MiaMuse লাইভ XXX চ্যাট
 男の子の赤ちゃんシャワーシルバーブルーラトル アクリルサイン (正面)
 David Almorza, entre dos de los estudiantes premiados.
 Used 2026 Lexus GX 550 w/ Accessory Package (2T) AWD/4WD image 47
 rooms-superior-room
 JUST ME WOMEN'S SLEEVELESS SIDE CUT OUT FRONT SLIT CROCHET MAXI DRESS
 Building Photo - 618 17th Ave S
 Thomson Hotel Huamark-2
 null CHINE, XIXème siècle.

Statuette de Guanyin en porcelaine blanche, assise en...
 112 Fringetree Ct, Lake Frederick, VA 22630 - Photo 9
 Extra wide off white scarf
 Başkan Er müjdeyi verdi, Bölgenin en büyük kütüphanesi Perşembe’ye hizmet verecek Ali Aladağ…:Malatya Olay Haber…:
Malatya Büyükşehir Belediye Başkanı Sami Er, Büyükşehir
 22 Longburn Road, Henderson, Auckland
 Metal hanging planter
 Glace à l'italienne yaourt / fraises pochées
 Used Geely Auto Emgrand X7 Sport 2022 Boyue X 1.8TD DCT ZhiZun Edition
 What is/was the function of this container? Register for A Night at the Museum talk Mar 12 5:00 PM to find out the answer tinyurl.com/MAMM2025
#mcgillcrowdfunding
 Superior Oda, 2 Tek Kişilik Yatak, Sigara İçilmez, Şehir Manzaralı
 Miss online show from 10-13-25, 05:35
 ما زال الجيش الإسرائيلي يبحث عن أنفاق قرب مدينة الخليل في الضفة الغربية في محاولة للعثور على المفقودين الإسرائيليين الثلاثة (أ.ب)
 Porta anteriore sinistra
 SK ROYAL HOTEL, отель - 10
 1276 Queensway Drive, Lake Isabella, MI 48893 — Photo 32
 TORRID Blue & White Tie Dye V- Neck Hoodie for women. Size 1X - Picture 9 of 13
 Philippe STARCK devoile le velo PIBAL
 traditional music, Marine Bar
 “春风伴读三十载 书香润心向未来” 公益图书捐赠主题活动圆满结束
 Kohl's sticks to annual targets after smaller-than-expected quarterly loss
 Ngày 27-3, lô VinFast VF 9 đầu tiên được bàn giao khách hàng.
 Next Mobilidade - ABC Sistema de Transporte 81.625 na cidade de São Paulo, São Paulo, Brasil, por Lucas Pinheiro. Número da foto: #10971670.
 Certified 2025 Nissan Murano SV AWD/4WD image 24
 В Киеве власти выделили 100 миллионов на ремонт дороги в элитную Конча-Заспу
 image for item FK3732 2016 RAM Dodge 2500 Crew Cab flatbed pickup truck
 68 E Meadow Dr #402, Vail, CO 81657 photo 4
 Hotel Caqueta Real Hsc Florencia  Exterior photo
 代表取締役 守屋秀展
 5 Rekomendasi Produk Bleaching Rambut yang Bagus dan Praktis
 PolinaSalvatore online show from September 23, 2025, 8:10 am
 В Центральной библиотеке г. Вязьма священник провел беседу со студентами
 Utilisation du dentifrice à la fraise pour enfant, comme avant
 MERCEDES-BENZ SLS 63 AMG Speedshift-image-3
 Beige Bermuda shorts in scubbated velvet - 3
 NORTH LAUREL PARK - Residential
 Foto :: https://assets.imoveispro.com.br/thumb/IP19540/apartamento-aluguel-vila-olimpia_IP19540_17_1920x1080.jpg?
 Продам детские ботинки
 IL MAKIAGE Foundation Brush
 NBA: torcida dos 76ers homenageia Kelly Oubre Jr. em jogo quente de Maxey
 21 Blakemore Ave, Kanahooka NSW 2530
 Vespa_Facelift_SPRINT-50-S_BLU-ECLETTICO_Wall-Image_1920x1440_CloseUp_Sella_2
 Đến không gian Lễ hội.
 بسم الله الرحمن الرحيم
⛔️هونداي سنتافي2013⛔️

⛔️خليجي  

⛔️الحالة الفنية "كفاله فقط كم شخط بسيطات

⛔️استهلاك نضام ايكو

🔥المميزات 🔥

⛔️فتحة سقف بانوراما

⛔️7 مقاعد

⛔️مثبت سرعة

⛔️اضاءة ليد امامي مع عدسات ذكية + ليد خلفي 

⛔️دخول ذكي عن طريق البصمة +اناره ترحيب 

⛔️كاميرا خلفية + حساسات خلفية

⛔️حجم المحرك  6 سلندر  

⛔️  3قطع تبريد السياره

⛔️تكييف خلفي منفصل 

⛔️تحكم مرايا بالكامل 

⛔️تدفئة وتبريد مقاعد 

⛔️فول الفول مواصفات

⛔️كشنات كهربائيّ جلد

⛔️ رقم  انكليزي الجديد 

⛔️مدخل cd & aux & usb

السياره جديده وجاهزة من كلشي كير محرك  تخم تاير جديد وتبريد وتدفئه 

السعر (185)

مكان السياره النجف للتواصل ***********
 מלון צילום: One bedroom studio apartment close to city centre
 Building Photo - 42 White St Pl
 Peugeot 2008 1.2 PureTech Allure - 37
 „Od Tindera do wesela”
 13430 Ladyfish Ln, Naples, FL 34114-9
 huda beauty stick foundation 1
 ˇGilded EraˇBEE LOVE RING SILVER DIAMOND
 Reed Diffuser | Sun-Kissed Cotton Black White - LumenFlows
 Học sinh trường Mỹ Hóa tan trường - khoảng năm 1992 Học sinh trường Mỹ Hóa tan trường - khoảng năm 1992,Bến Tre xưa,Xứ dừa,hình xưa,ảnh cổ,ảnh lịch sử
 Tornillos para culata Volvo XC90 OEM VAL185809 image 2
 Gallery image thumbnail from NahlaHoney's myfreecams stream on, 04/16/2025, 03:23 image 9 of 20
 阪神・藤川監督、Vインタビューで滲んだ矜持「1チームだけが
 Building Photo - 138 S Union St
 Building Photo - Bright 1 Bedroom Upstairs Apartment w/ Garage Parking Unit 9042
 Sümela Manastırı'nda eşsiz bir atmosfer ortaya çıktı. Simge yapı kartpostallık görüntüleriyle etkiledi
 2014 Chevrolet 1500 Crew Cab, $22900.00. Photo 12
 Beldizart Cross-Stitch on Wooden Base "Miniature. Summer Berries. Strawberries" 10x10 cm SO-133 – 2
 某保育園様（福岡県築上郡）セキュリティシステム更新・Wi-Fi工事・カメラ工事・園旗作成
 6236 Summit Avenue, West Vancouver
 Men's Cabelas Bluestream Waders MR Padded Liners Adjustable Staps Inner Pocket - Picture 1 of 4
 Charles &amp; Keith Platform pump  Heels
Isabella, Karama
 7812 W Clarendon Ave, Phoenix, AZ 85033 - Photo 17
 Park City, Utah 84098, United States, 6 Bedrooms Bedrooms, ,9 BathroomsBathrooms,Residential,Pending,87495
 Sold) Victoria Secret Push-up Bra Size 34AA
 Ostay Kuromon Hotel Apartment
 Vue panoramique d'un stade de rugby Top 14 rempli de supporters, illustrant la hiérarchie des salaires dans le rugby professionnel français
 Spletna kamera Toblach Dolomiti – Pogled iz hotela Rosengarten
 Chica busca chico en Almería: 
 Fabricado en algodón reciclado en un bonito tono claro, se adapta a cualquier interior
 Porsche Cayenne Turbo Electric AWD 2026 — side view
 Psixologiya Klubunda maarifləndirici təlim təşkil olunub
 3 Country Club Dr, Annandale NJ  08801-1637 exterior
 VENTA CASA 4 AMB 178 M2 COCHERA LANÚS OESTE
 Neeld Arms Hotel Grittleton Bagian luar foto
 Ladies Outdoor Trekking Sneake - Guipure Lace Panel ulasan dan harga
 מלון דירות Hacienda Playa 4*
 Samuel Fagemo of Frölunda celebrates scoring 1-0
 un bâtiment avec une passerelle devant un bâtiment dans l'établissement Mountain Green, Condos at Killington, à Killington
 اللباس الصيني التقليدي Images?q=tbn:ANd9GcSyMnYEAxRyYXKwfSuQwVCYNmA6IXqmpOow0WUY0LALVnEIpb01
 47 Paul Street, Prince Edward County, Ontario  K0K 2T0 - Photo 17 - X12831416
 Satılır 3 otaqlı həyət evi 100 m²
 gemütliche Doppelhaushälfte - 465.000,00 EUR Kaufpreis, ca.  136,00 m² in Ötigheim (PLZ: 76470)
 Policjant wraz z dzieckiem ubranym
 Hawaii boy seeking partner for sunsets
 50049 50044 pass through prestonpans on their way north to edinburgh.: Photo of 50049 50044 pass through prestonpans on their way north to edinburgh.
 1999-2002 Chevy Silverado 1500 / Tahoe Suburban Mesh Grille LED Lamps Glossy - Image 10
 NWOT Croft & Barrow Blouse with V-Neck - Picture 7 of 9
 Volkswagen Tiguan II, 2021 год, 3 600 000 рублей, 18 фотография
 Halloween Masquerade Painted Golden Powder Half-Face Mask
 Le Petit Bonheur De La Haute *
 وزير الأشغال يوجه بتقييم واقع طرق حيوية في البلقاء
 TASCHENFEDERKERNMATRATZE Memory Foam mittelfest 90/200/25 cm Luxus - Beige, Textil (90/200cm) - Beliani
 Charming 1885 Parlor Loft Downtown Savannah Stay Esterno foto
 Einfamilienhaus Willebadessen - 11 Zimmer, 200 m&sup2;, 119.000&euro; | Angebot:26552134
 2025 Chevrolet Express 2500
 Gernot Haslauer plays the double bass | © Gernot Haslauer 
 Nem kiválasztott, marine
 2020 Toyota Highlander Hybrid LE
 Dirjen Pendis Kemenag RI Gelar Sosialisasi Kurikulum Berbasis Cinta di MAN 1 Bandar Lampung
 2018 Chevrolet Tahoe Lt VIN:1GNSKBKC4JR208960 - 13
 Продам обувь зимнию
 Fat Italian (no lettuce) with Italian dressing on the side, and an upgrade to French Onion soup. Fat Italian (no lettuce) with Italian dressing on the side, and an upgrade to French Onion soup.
========================
Assignment: Using the records above, set down exactly the lines from the one with "某保育園様（福岡県築上郡）セ" through the one with "VENTA CASA 4 AMB 178 M2 COCHERA LANÚS OESTE", inclusive, and nothing more.

Response to this exercise:
 某保育園様（福岡県築上郡）セキュリティシステム更新・Wi-Fi工事・カメラ工事・園旗作成
 6236 Summit Avenue, West Vancouver
 Men's Cabelas Bluestream Waders MR Padded Liners Adjustable Staps Inner Pocket - Picture 1 of 4
 Charles &amp; Keith Platform pump  Heels
Isabella, Karama
 7812 W Clarendon Ave, Phoenix, AZ 85033 - Photo 17
 Park City, Utah 84098, United States, 6 Bedrooms Bedrooms, ,9 BathroomsBathrooms,Residential,Pending,87495
 Sold) Victoria Secret Push-up Bra Size 34AA
 Ostay Kuromon Hotel Apartment
 Vue panoramique d'un stade de rugby Top 14 rempli de supporters, illustrant la hiérarchie des salaires dans le rugby professionnel français
 Spletna kamera Toblach Dolomiti – Pogled iz hotela Rosengarten
 Chica busca chico en Almería: 
 Fabricado en algodón reciclado en un bonito tono claro, se adapta a cualquier interior
 Porsche Cayenne Turbo Electric AWD 2026 — side view
 Psixologiya Klubunda maarifləndirici təlim təşkil olunub
 3 Country Club Dr, Annandale NJ  08801-1637 exterior
 VENTA CASA 4 AMB 178 M2 COCHERA LANÚS OESTE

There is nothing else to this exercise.